La reconstitution du parcellaire des espaces urbains et périurbains coloniaux et l’étude de ses transformations au long du temps se font sur la base de sources foncières textuelles (non cartographiées), et notamment des tombos, documents similaires aux compoix français, dont la plupart date du XVIIIe siècle et concerne les villes du Minas Gerais. Les tombos sont des sources rares et d’une richesse exceptionnelle car elles fournissent des informations spatiales et sociales permettant d’étudier les communautés coloniales par le bas. Cette expression, proposée par Jacques Revel, est à entendre ici dans deux sens complémentaires. Le premier est figuré, et consiste à s’intéresser aux protagonistes « mineurs » de la construction des espaces et des territoires ; au lieu de considérer seulement les institutions et les représentants du pouvoir (civil et religieux, local et royal) ayant des attributions en matière « d’urbanisme » et de contrôle foncier, il s’agit, au contraire, de s’intéresser à l’ensemble des habitants, y compris les groupes dits « subalternes » - blancs pauvres, femmes et hommes affranchis, esclaves. Étudier la propriété foncière permet d’avoir un angle d’approche original de ces groupes situés en bas de l’échelle sociale, et de mieux comprendre comment les réalités quotidiennes, les stratégies économiques et politiques individuelles, ainsi que les divers types de liens et de réseaux sociaux ont contribué à façonner les villes coloniales. Le deuxième sens, plus littéral, est lié au premier : il s’agit d’appréhender le processus de construction de la ville « au ras du sol», en accordant sa véritable importance à l’acte liminaire de la formation de tout établissement humain : la prise de possession de la terre, individuelle ou collective (ordres religieux, confréries, municipalité), reconnue ou non par les voisins et par les autorités. La donnée foncière fonctionne comme une sorte de « sonde » qui permet d’identifier des personnages dont les trajectoires méritent d’être retracées - du fait de leur valeur de représentativité d’une certaine « catégorie possédante » ou du rôle qu’ils ont joué dans la construction du paysage citadin.
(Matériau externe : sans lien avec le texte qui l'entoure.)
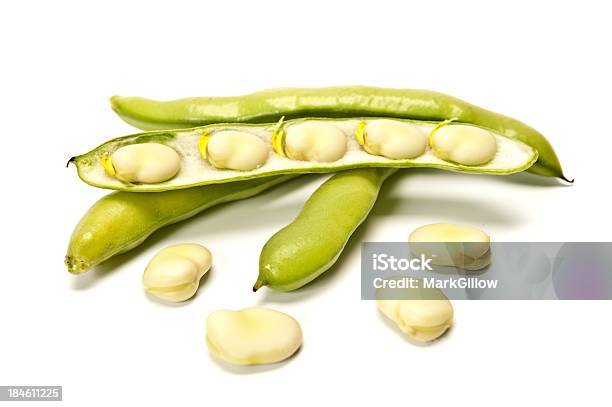 Favas - Fotografias de stock e mais imagens de Fava - Feijão - Fava - Feijão, Feijão catarino, Alimentação Saudável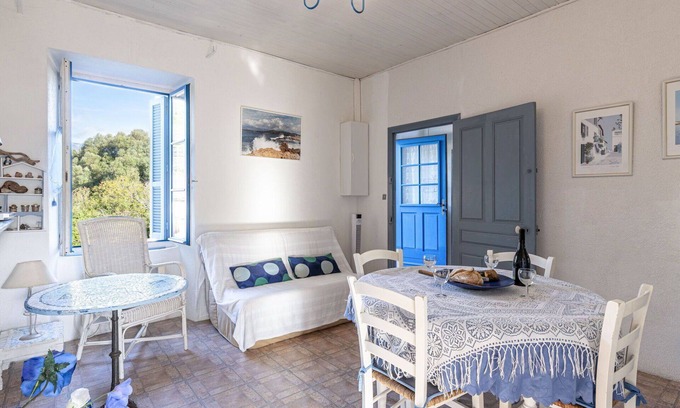 Porto-Vecchio Apartment | Lovely apartment for 5 guests with WIFI, TV, balcony and pets allowed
En poursuivant l’effort de construction du SIG historique, mon projet consiste, d’une part, à intégrer des nouvelles données empiriques (issues d’archives municipales, notariales, paroissiales) afin étudier les dynamiques spatiales et sociales de plusieurs villes du Minas Gerais et d’autres régions de l’Amérique portugaise. L’enquête s’inscrivant sur la longue durée (un ou plusieurs siècles, selon les villes) et mobilisant des données lacunaires, parfois imprécises, et réparties de façon inégale dans le temps, il est nécessaire de mener une réflexion sur les méthodes de traitement, de modélisation et de visualisation des informations qui seraient les plus pertinentes du point de vue scientifique et technique, et capables de rendre explicite la part d’incertitude que comporte toute reconstruction géohistorique. D’autre part, j’effectuerai des études comparatives sur d’autres terrains coloniaux. Je m’intéresserai notamment aux rapports entre les statuts sociaux des habitants, la propriété foncière et les appartenances territoriales ; en effet, les implications sociales et politiques de la résidence dans une communauté urbaine – ce qui en Amérique hispanique est associé à la notion de vecino ou « citoyen » – est une question qui n’a pas encore assez retenu l’attention des historiens brésiliens. Cette partie du projet sera réalisée dans le cadre de différents programmes de recherche collectifs : le projet européen (Marie Curie Actions) Bahia 16-19 - Salvador da Bahia: American, European, and African forging of a colonial capital city (CRBC/MASCIPO-EHESS, Universidade Nova de Lisboa, Universidade Federal da Bahia) ; le projet franco-brésilien (Capes-Cofecub) Le bon gouvernement des peuples : hiérarchies sociales et représentation selon la politique catholique du XVIe au XVIIIe siècle (CRBC/MASCIPO-EHESS, Universidade Federal do Rio de Janeiro) ; le projet Sociétés nouvelles américaines en situation coloniale (coordonné par Cécile Vidal, CENA/MASCIPO).